On Thu, Oct 5, 2023 at 2:35 PM Joe Perches <[email protected]> wrote:
>
> There were some recent attempts [1] [2] to make the K: field less noisy
> and its behavior more obvious. Ultimately, a shift in the default
> behavior and an associated command line flag is the best choice.
>
> Currently, K: will match keywords found in both patches and files.
>
> Matching content from entire files is (while documented) not obvious
> behavior and is usually not wanted by maintainers.
>
> Now only patch content will be matched against unless --keywords-in-file
> is also provided as an argument to get_maintainer.
>
> Add the actual keyword matched to the role or rolestats as well.
>
> For instance given the diff below that removes clang:
>
> diff --git a/drivers/hid/bpf/entrypoints/README b/drivers/hid/bpf/entrypoints/README
> index 147e0d41509f..f88eb19e8ef2 100644
> --- a/drivers/hid/bpf/entrypoints/README
> +++ b/drivers/hid/bpf/entrypoints/README
> @@ -1,4 +1,4 @@
> WARNING:
> If you change "entrypoints.bpf.c" do "make -j" in this directory to rebuild "entrypoints.skel.h".

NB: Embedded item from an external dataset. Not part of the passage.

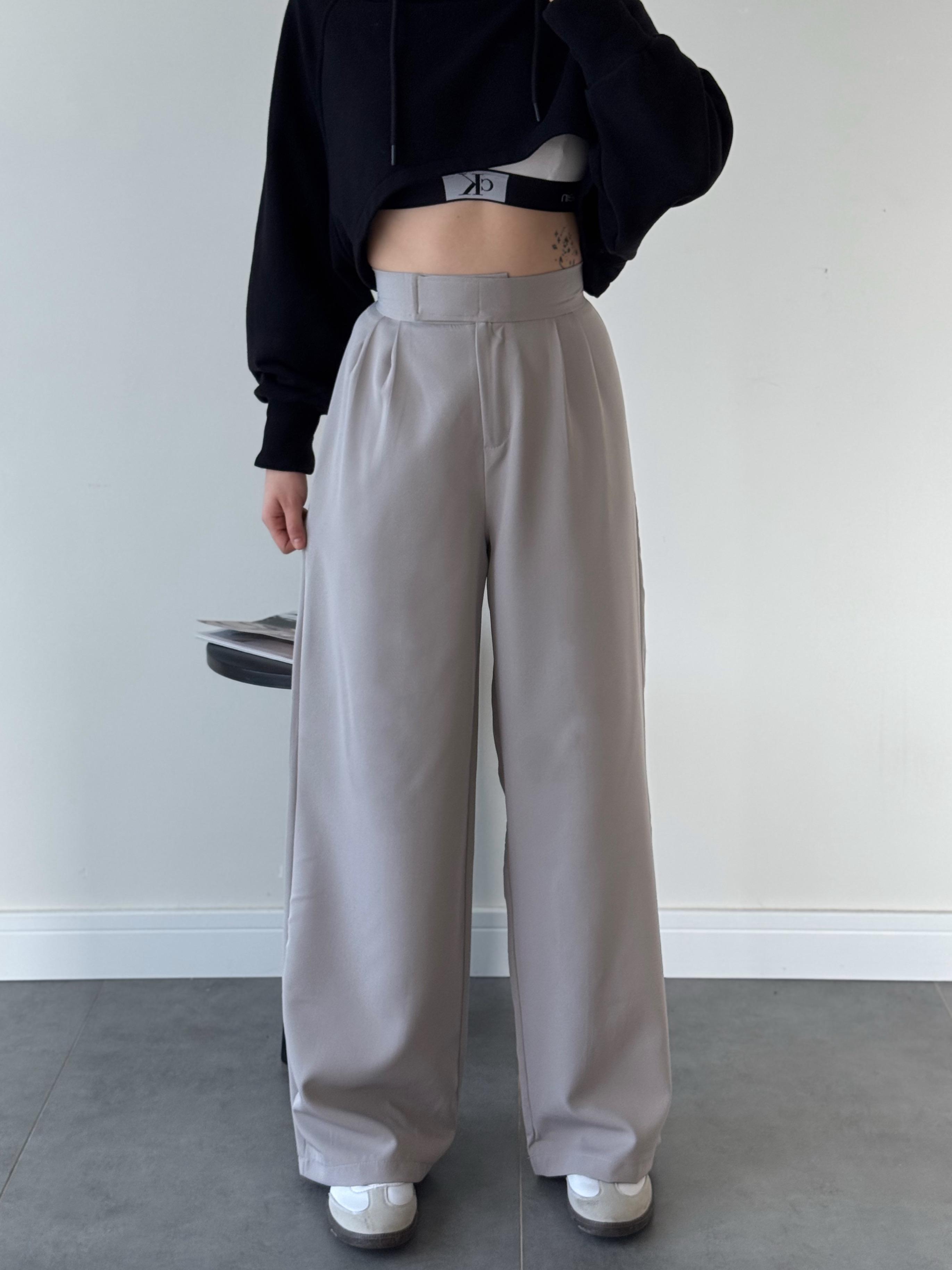 Redkit Cırt Kapamalı Gri Palazzo Pantolon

> -Make sure to have clang 10 installed.
> +Make sure to have 10 installed.
> See Documentation/bpf/bpf_devel_QA.rst
>
> The new role/rolestats output includes ":Keyword:\b(?i:clang|llvm)\b"
>
> $ git diff drivers/hid/bpf/entrypoints/README | .scripts/get_maintainer.pl
> Jiri Kosina <[email protected]> (maintainer:HID CORE LAYER,commit_signer:1/1=100%)
> Benjamin Tissoires <[email protected]> (maintainer:HID CORE LAYER,commit_signer:1/1=100%,authored:1/1=100%,added_lines:4/4=100%)
> Nathan Chancellor <[email protected]> (supporter:CLANG/LLVM BUILD SUPPORT:Keyword:\b(?i:clang|llvm)\b)
> Nick Desaulniers <[email protected]> (supporter:CLANG/LLVM BUILD SUPPORT:Keyword:\b(?i:clang|llvm)\b)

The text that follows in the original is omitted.